Los conceptos de Plano de Control (control Plane) y Plano de Datos (Data plane) se refieren a la separación lógica, y en algunos escenarios física, del trafico destinado a los Servicios (Data plane) y el tráfico que ocupan los Equipos de Red para gestionar, mantener y modificar el estado de la misma (Control Plane).https://community.cisco.com/t5/discusiones-data-center/plano-de-control-y-plano-de-datos/td-p/2820763

Por poner un ejemplo muy sencillo podemos estar inundando ICMPs contra la IP del router, ese tráfico lo tiene que procesar el propio router, la procesadora y eso al final va a afectar al plano de control ya que es ahí donde se ejecutan todas aquellas “cosas” que hacen que se pueda mover el tráfico con normalidad por el plano de datos.

Si un PC a en un puerto del switch le manda un ping a un PC en otro puerto del switch ese tráfico irá sólo por el plano de datos del switch.
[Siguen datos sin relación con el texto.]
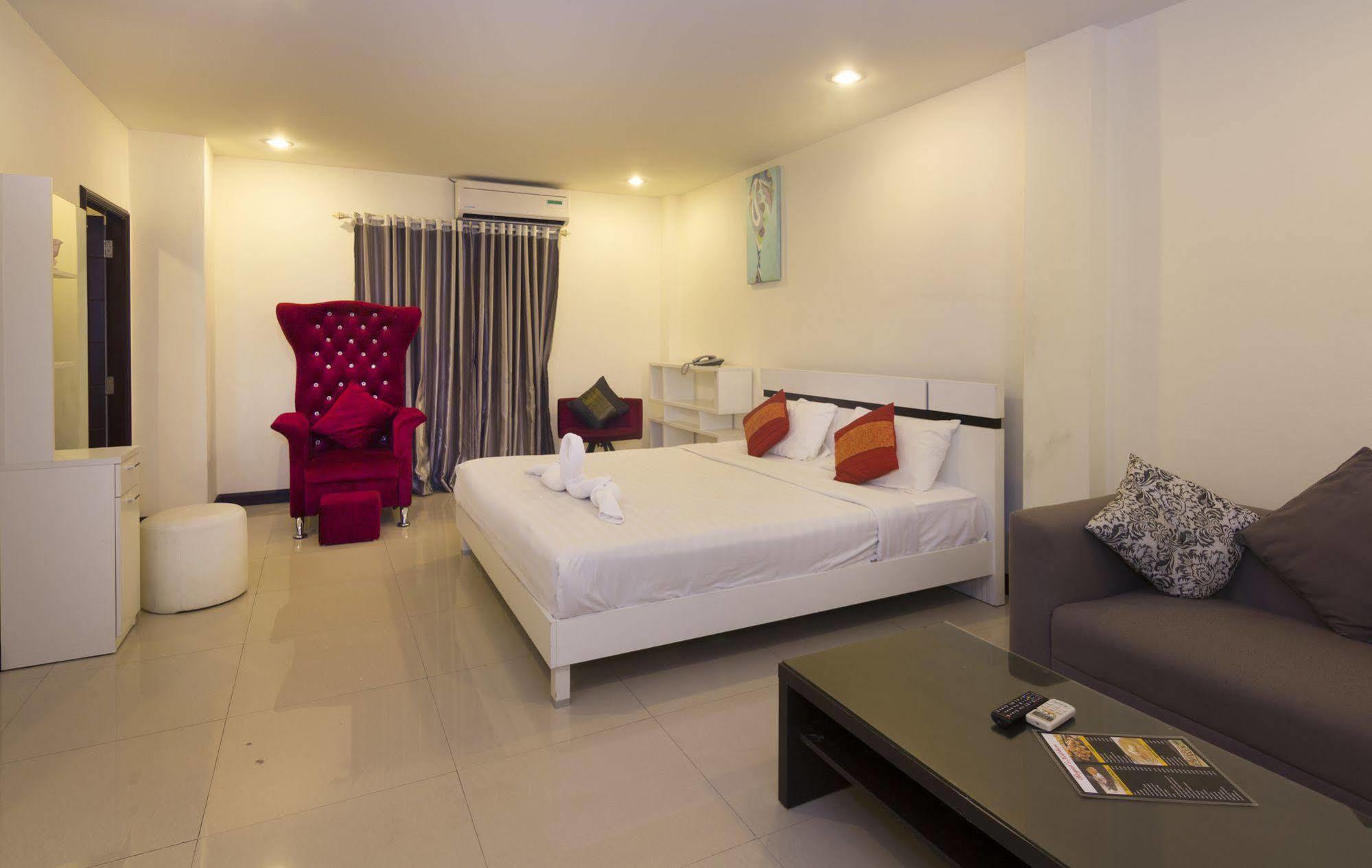 Royal Q & D Suites Pattaya Extérieur photo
Ahora, si un router está pinchado en un puerto de un switch y otro router está pinchado en otro puerto del mismo switch el tráfico entre ellos irá directo por el plano de datos, pero los servicios de red irán por el plano de control y en este caso los servicios de red serán mensajes de STP, VRRP, HSRP, OSPF, RIP ….

Esto lo tenéis documentado en la propia web de Cisco en https://www.cisco.com/c/en/us/td/docs/switches/datacenter/nexus6000/sw/security/6x/b_6k_Security_Config_6x/b_6k_Security_Config_602N12_chapter_01101.pdf

En equipos como los Nexus7k, el Data plane es procesado por los Módulos, sin tener que pasar por la Supervisora, quien se encarga de procesar el tráfico de Control Plane propio de la Red, por ejemplo, Updates de Routing Protocols, Mensajes de Fabricpath, OTV, etc.https://community.cisco.com/t5/discusiones-data-center/plano-de-control-y-plano-de-datos/td-p/2820763

Planos de control, datos y gestión

El otro plano que tenemos es el de gestión pero que en este capítulo vamos a obviarlo bastante.
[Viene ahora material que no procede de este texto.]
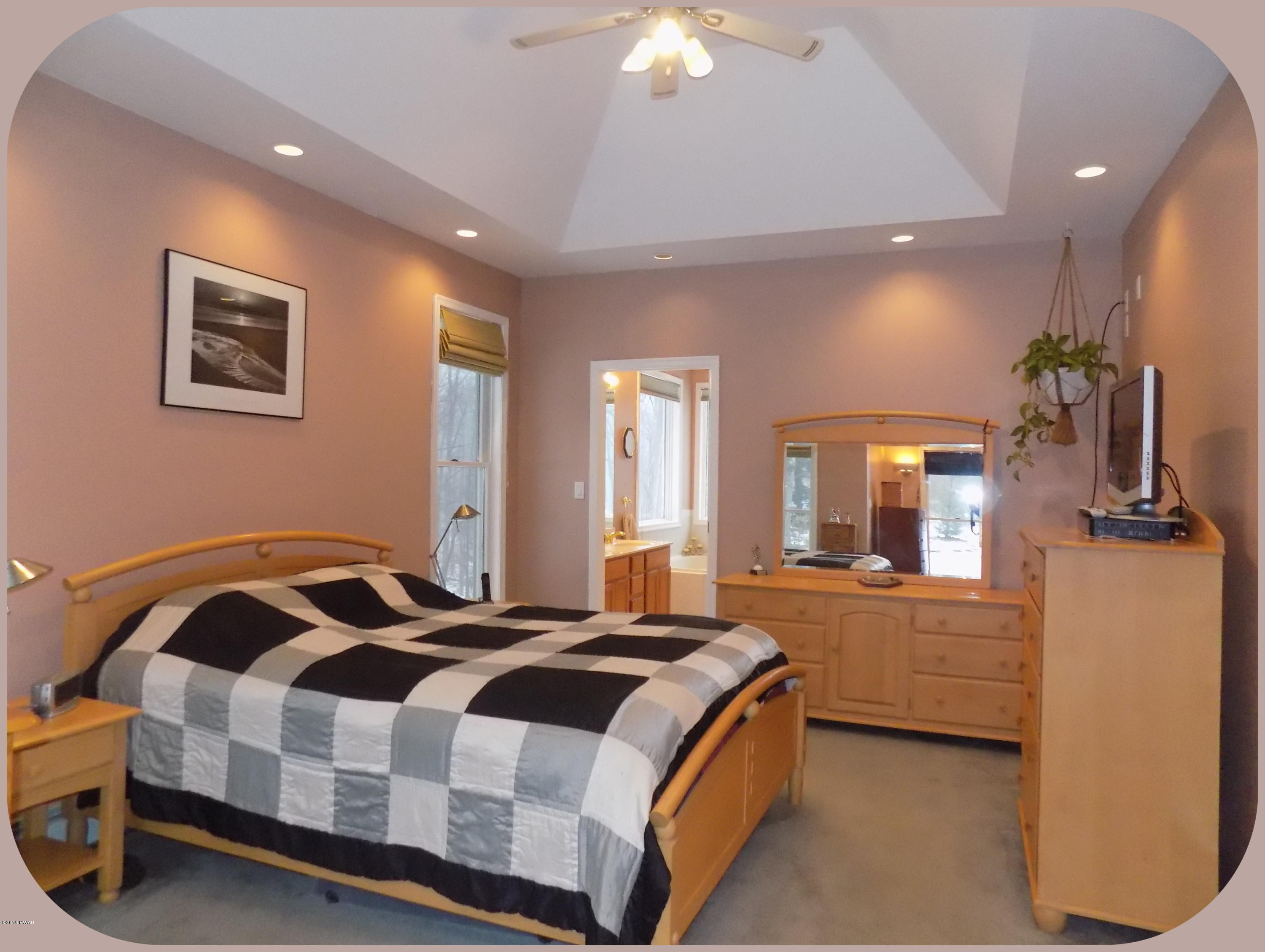 143 Bloss Road Canadensis, PA 18325 - Photo 16 of 38 Gallery Image 16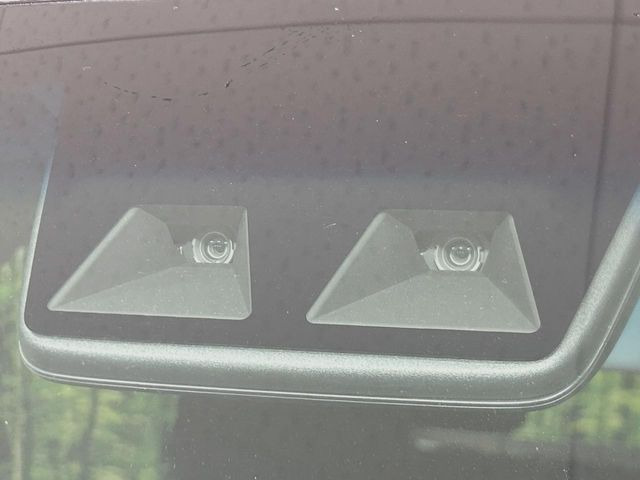 �y�X�}�[�g�A�V�X�g�z���s���ɑO���̎ԗ�����F�����A�Փ˂������Ȏ��͌x��ƃu���[�L�ŏՓˉ���Ɣ�Q�y�����A�V�X�g�B�����S�Ƀh���C�u�����y���݂��������܂��B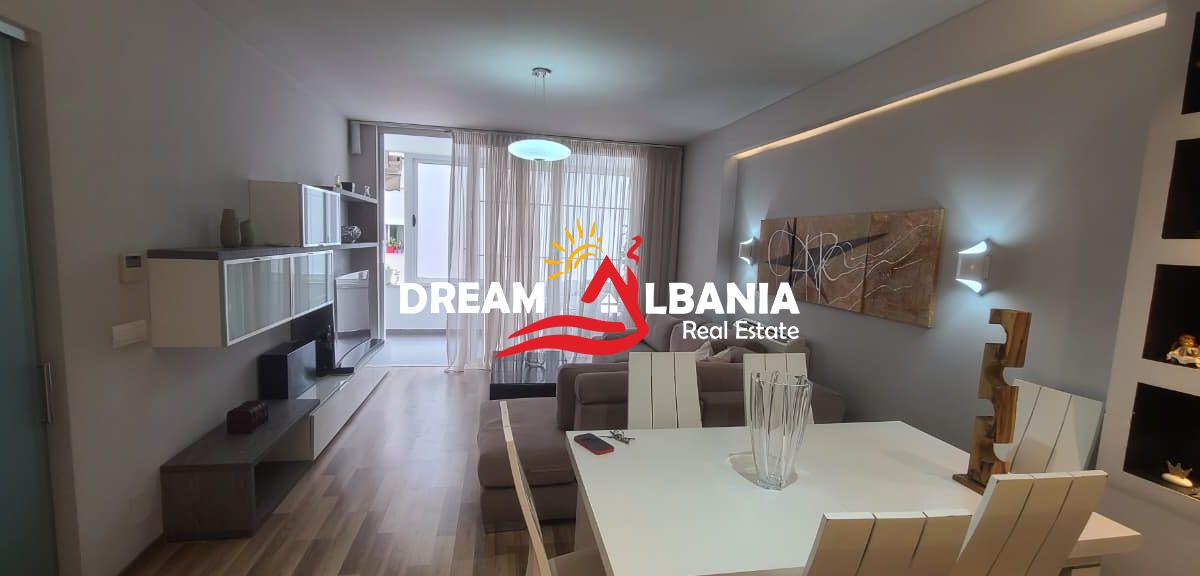 Super apartament 2+1 me qera ne qender (12)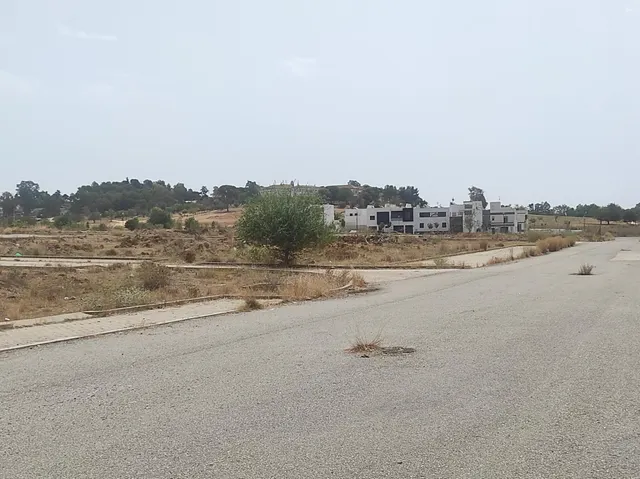 SUELO SIN EDIFICAR EN LAS LOMAS. FUTURO PROYECTO DE INVERSIÓN — 2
Hemos dicho que el objetivo es proteger a nuestra procesadora de tener que procesar aquello que no debiera y que debería de ser tratado por el ASIC correspondiente.

Para proteger a nuestro router tendremos que indicar qué puerto queremos proteger, podemos hacerlo por puertos sueltos o mediante un puerto lógico llamado “Control Plane” que incluirá a todos los puertos del router o del switch.
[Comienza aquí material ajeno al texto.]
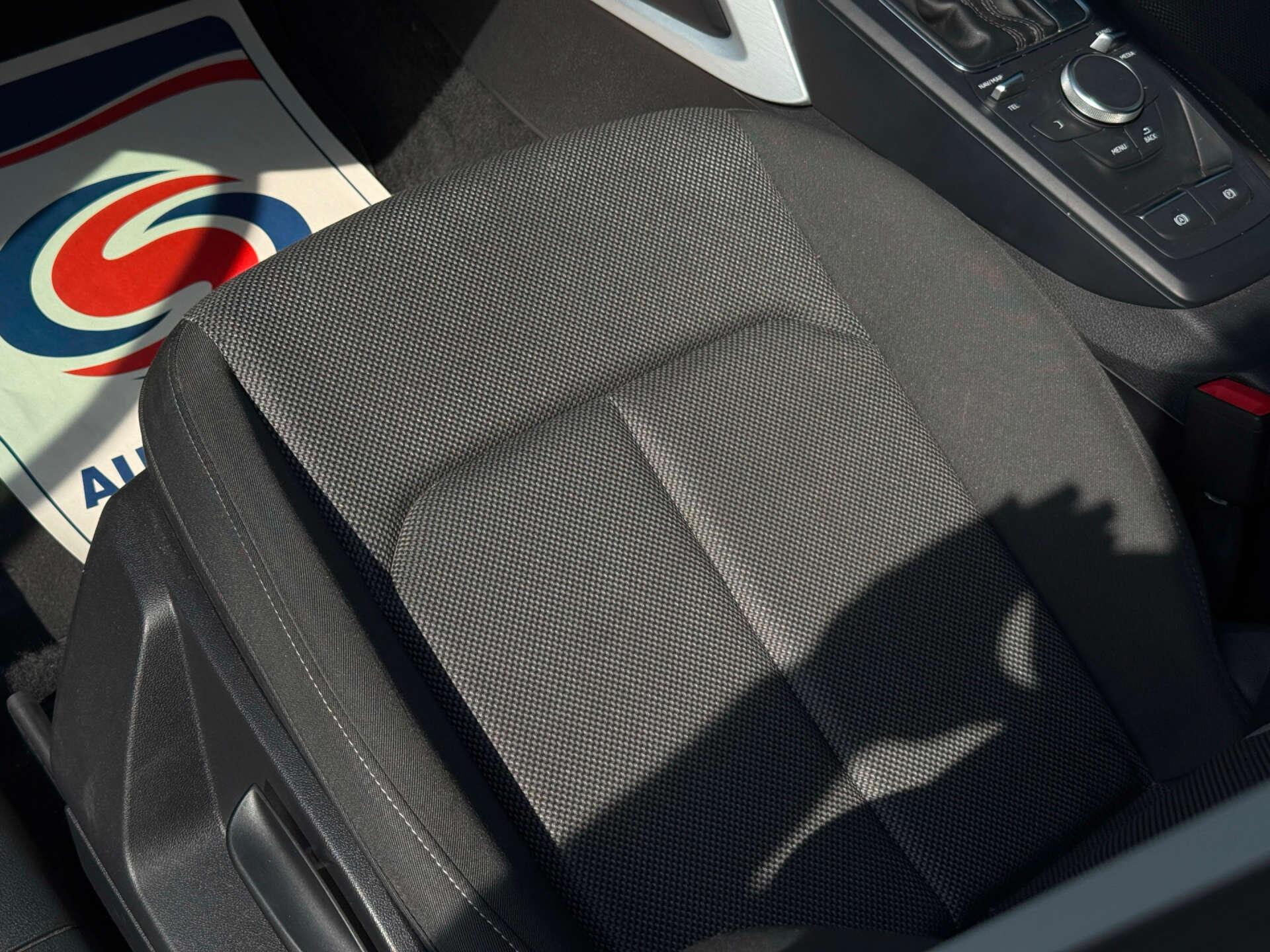 Audi Q2 view 44
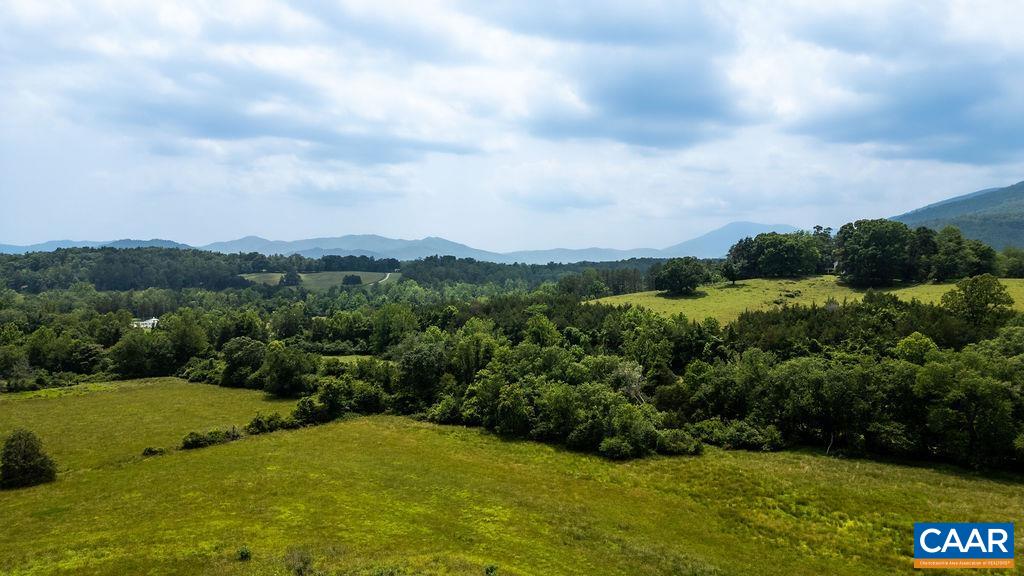 61 HILLSIDE LN, AFTON, Virginia 22920, 5 Bedrooms Bedrooms, ,4 BathroomsBathrooms,Residential,61 HILLSIDE LN,674061 MLS # 674061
Al control plane le tendremos que aplicar un policing para limitar el tráfico que queremos que nos llegue.

Para identificar el tráfico al que queremos hacer el rate limit tenemos que crear un class-map en nuestro cisco.

Si el tráfico hace match con el class-map entonces tendremos que aplicar el polily-map para aplicar la política correspondiente, el rate limit.

Y por último tenemos que decir donde aplicar esta política y esto lo podemos hacer en el control plane, es decir, todos los puertos y en los interfaces individuales.